Broadcom reported strong second quarter results amid "robust demand for AI networking."

The company, which is thriving as hyperscale cloud providers buy processors for AI workloads, delivered second quarter earnings of $4.96 billion, or $1.03 a share, on revenue of $15 billion, up 20% from a year ago. Non-GAAP earnings were $1.58 a share, two cents ahead of Wall Street estimates.

Broadcom CEO Hock Tan said AI revenue in the second quarter was up 46% from a year ago to $4.4 billion. "We expect growth in AI semiconductor revenue to accelerate to $5.1 billion in Q3, delivering ten consecutive quarters of growth, as our hyperscale partners continue to invest," said Tan.

CFO Kirsten Spears the company free cash flow was a record $6.4 billion, up 44% from a year ago.

Semiconductor revenue in the second quarter was $8.41 billion, up 17% from a year ago. Software infrastructure revenue, led by VMware, was $6.6 billion, up 25% from a year ago.

As for the outlook, Broadcom projected third quarter revenue of $15.8 billion with adjusted EBITDA of at least 66% of projected revenue.

Constellation Research analyst Holger Mueller said:

"Broadcom Is firing on all cylinders breaking the $15 bilion milestone in revenue by a hair. The demand for AI keeps growing Broadcom's semiconductor and infrastructure software businesses. It's good to see an extra $400 million invested into R&D, even if it cost Broadcom some revenue. CEO Hock Tan and team know Broadcom needs to invest into product to keep the growth going."

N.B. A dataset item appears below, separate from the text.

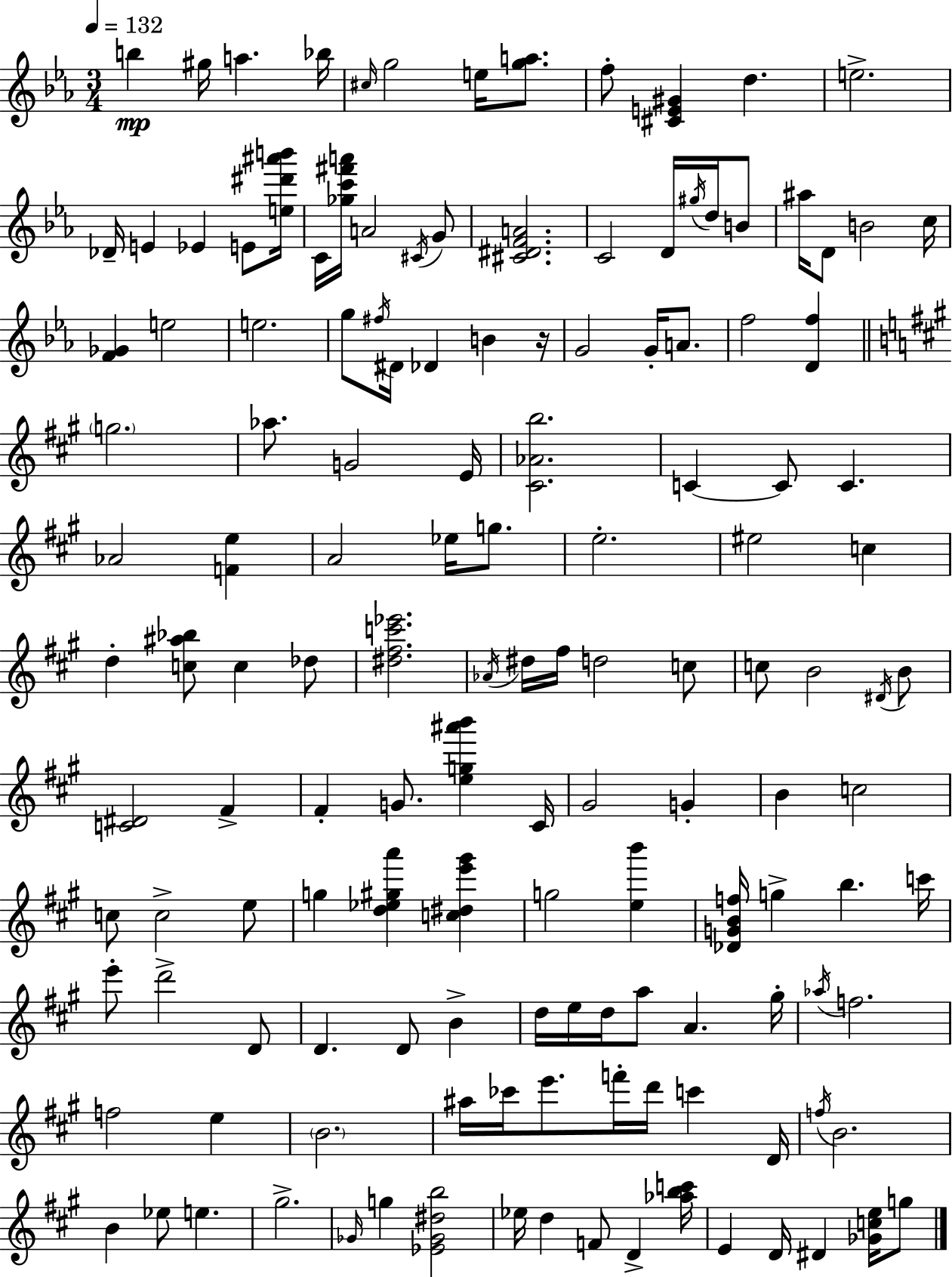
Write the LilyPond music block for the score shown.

On the conference call with analysts, Tan said the following:

  • "Custom AI accelerators grew double digits year-on-year, while AI networking grew over 170% year-on-year. AI networking, which is based on Ethernet was robust and represented 40% of our AI revenue. As a standard-based open protocol, Ethernet enables one single fabric for both scale out and scale up and remains the preferred choice by our hyperscale customers. Our networking portfolio of Tomahawk switches, Jericho routers and NICs is what's driving our success within AI clusters in hyperscalers."
  • "We continue to make excellent progress on the multiyear journey of enabling our 3 customers and 4 prospects to deploy custom AI accelerators. As we had articulated over 6 months ago, we eventually expect at least 3 customers to each deploy 1 million AI accelerated clusters in 2027, largely for training their frontier models. And we forecast and continue to do so a significant percentage of these deployments to be custom XPUs. These partners are still unwavering in their plan to invest despite the certain economic environment."
  • "There's no differentiation between training and inference in using merchant accelerators versus custom accelerators. I think the whole premise behind going towards custom accelerators continues, which is it's not a matter of cost alone. It is that as custom accelerators get used and get developed on a road map with any particular hyperscaler, there's a learning curve, a learning curve on how they could optimize the way the algorithms on their large language models gets written and tied to silicon."
  • "Why inference is very hot lately--we're only selling to a few customers hyperscalers with platforms and LLMs--. is these hyperscalers and those with LLMs need to justify all the spending they're doing. Doing training makes your frontier models smarter. There's no question. Make your frontier models by creating very clever algorithms that consumes a lot of compute for training smarter. You want to monetize inference. And that's what's driving it. Monetize. To justify a return on investment on training you create a lot of AI use cases, and consumption through inference. And that's what we are now starting to see among our small group of customers."
  • Customers are increasingly turning to VCF (VMware Cloud Foundation) to create a modernized private cloud on-prem, which will enable them to repatriate workloads from public clouds while being able to run modern container-based applications and AI applications. Of our 10,000 largest customers, over 87% have now adopted VCF."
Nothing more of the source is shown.